Ghana’s economy surpassed the US$100 billion threshold for the first time, positioning it as one of Africa’s largest economies and ranking eighth on the continent. Per capita income rose to US$3,385.
Fiscal performance saw a primary surplus of 2.5 percent of GDP in 2025. The public debt-to-GDP ratio decreased sharply from 61.8 percent in 2024 to 44.7 percent by the end of 2025, exceeding IMF targets ahead of schedule.
Debt servicing pressures eased considerably, with the debt-to-domestic revenue ratio falling from 55.7 percent in 2022 to 28.8 percent in 2025, even with the resumption of full Eurobond payments. Ghana’s debt risk rating improved from “high risk” to “moderate risk” under the Debt Sustainability Analysis.
Inflation experienced a notable decline, dropping from 23.8 percent in December 2024 to 3.4 percent by April 2026. Interest rates also fell sharply, with the 91-day Treasury bill rate dropping by over 2,300 basis points to 4.8 percent. Government bond yields and the policy rate saw substantial reductions.
Externally, the current account balance recorded a surplus of 8.3 percent of GDP in 2025. The Ghanaian cedi appreciated by an impressive 40.7 percent against the US dollar.
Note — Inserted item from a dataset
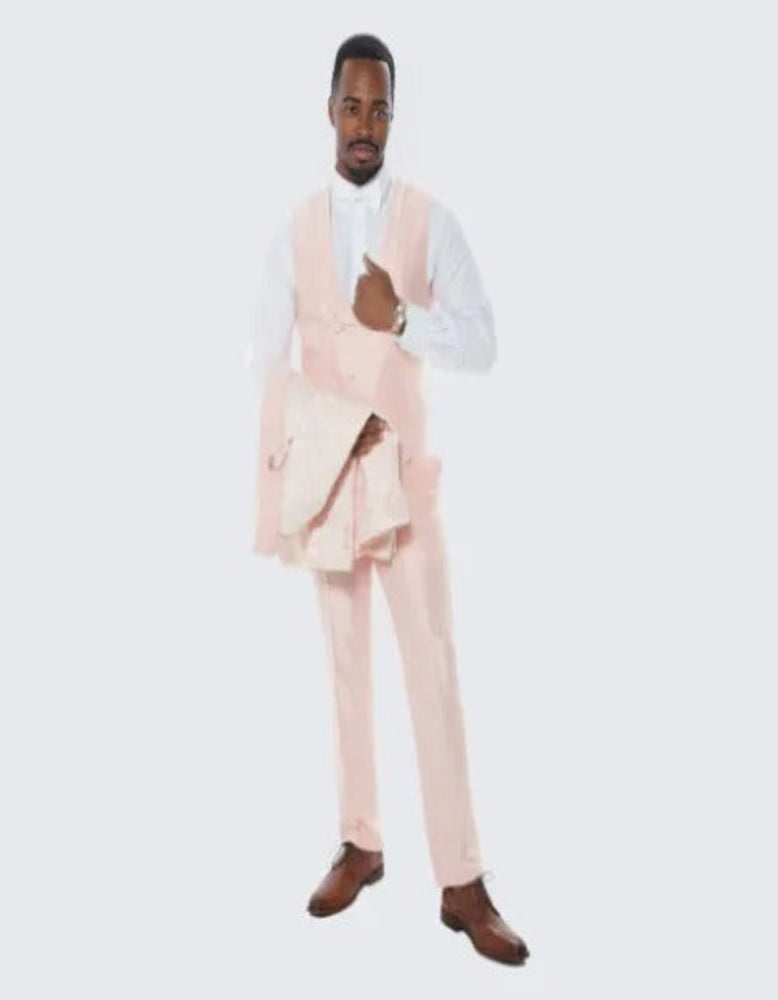 Men's Blush Pink Tuxedo with Floral Design Four Piece Set- Wedding - Prom 2025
Implications and Future Outlook
Dr. Forson concluded by emphasizing that these results validate the effectiveness of fiscal prudence and disciplined economic management. He stated that macroeconomic stability is the bedrock for sustainable growth, attracting investor confidence, and fostering job creation.
The reported economic recovery suggests a potential shift in investor sentiment towards Ghana, provided these gains are sustained. The government’s commitment to fiscal discipline, as highlighted by the reforms, will be crucial in maintaining this positive trajectory. Investors and citizens alike will be watching closely to see if the implemented structural changes lead to long-term economic resilience and broad-based prosperity.